- Be careful trading $1 stocks, seriously. 1600 shares on a $2000 account in any stock is very risky.
- I would recommend a brokerage like IB for retail, if you are actively trading. You may not have the funds for an IB account but your commissions are a whopping .9% or so of your account for each trade. That is unsustainable, and your commissions alone at that rate will eat you alive. You mathematically cannot win with this fee structure if you are taking one or more trades per day. If your account grows it will be less as a percentage, but until that point it will be very difficult to grow.
The following user says Thank You to josh for this post:
I don't seek out low cost stocks, I seek out what's making good percentage gains whether they're a buck a share or 300 bucks a share. It's only the percentage I'm after, nothing else. I'm looking for a steady upward mover at a high rate of movement. And I hope to be in and out in minutes.
In this case I was in and out in 10 minutes and 9 seconds.
At 10 dollars per trade, I have to make 20 bucks to cover the fees. (I'm currently paying 7 each, which will go away after I've made 25 trades as the first 25 are discounted.)
If I have to make 20 bucks to cover my fees, then with an account of 2000 dollars to trade I have to pull in more than 1 percent to break even.
At 10000 dollars then break even happens at 0.2 percent yield.
I'm going to switch my brokerage over to Tradeking, and cut my commissions in half, in the near future. But not just yet.
Well, techncially I can't attempt a repeat in the same day due to SEC Rule T. The unsettled funds rule.
When you sell a security, the funds don't settle for three days. While you CAN buy another security with those unsettled funds, you can't SELL it until AFTER the funds have settled from the ORIGINAL sale. That would be "free riding" and a violation of the rules.
If you do, you violate rule T and get a 90 day cash only restriction on your account, so you can't use margin for 90 days.
But I do wonder, does that even matter on a cash account basis?
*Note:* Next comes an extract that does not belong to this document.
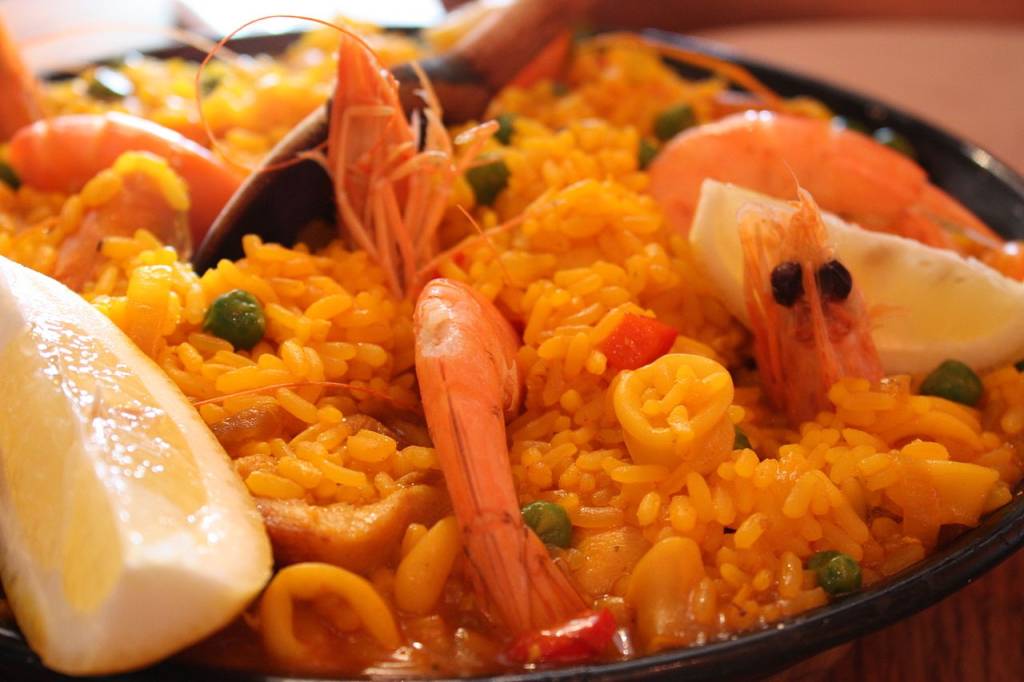 Chef Jan Santos prepara paellas em evento beneficente na Lagoa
Violating Rule T will restrict you to cash transactions, but does that restrict you from using unsettled funds to make those additional transactions?
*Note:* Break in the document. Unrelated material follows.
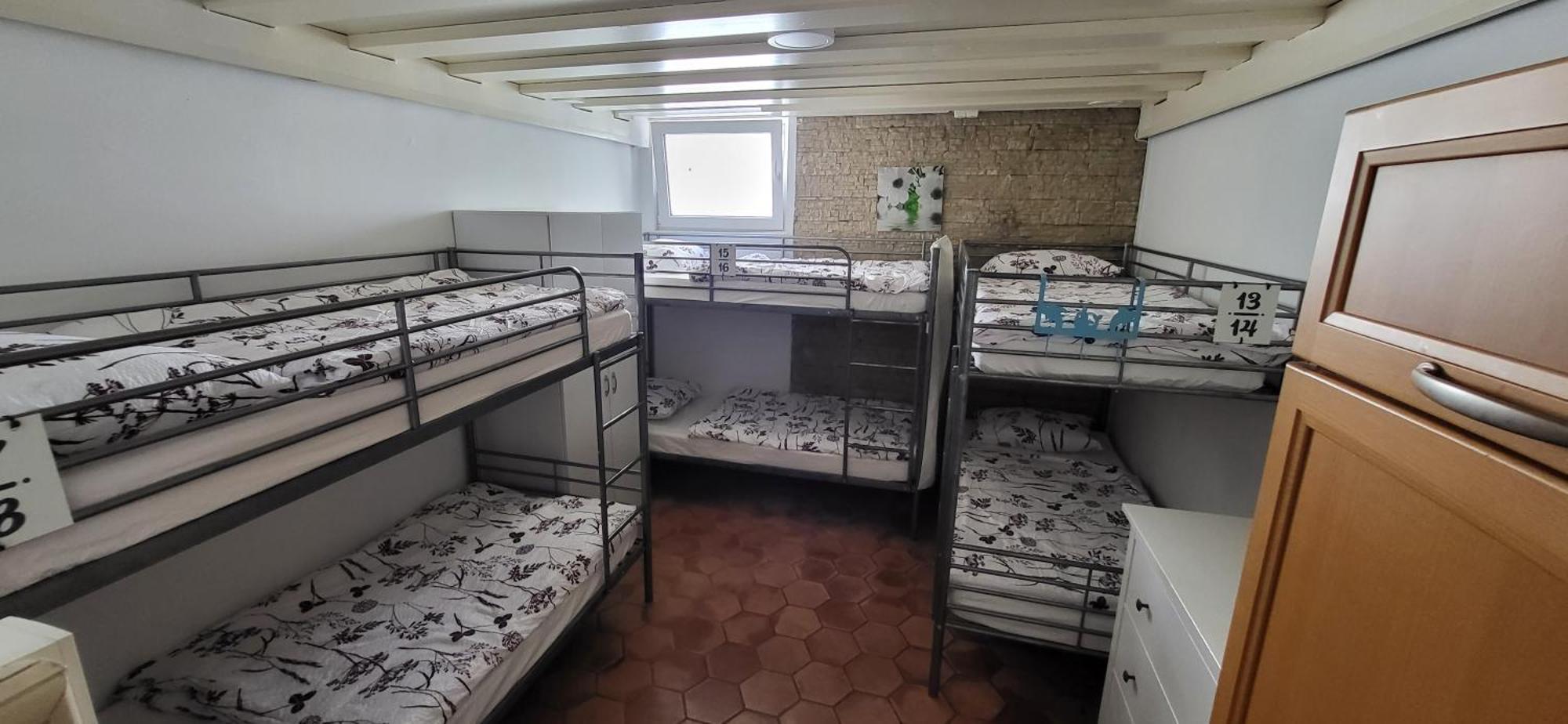 Lesce Hostel Pokój zdjęcie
Is there an additional level of penalty for continuing to violate Rule T, accepting that it keeps you from trading on margin?
In short, is it REALLY a bad thing to violate Rule T if you weren't intending to use margin anyway?
I'm not planning to experiment and find out. At this point in the game, I'm doing exactly what I'm comfortable
with and so far I can't express displeasure with the results.
Yeah, these days, in the digital age, there isn't any RATIONAL reason to even have a settled funds rule. The electronic transaction should simply be made, then verified instantly, and then considered settled.
But then it would be just that much easier for someone to keep making trades until he's had enough, profit or loss.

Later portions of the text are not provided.